### [Brief descriptive captions]
- Opening Delimiter -
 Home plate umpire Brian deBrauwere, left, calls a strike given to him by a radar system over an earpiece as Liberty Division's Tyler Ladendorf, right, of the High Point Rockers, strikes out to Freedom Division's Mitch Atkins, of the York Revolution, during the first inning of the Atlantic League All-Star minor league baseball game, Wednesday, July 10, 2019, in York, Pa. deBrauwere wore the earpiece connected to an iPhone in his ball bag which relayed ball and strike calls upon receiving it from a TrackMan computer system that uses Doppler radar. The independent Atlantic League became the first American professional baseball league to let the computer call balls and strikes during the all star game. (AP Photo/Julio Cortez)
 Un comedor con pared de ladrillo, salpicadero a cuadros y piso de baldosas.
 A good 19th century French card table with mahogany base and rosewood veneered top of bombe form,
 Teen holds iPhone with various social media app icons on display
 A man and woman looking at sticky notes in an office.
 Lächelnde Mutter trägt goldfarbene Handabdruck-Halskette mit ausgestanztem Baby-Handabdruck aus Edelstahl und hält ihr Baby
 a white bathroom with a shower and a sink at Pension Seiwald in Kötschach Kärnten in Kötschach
- Closing Delimiter -
### [Work order]
What is needed is a word-for-word copy of all the records above.

### [Result for this task]
 Home plate umpire Brian deBrauwere, left, calls a strike given to him by a radar system over an earpiece as Liberty Division's Tyler Ladendorf, right, of the High Point Rockers, strikes out to Freedom Division's Mitch Atkins, of the York Revolution, during the first inning of the Atlantic League All-Star minor league baseball game, Wednesday, July 10, 2019, in York, Pa. deBrauwere wore the earpiece connected to an iPhone in his ball bag which relayed ball and strike calls upon receiving it from a TrackMan computer system that uses Doppler radar. The independent Atlantic League became the first American professional baseball league to let the computer call balls and strikes during the all star game. (AP Photo/Julio Cortez)
 Un comedor con pared de ladrillo, salpicadero a cuadros y piso de baldosas.
 A good 19th century French card table with mahogany base and rosewood veneered top of bombe form,
 Teen holds iPhone with various social media app icons on display
 A man and woman looking at sticky notes in an office.
 Lächelnde Mutter trägt goldfarbene Handabdruck-Halskette mit ausgestanztem Baby-Handabdruck aus Edelstahl und hält ihr Baby
 a white bathroom with a shower and a sink at Pension Seiwald in Kötschach Kärnten in Kötschach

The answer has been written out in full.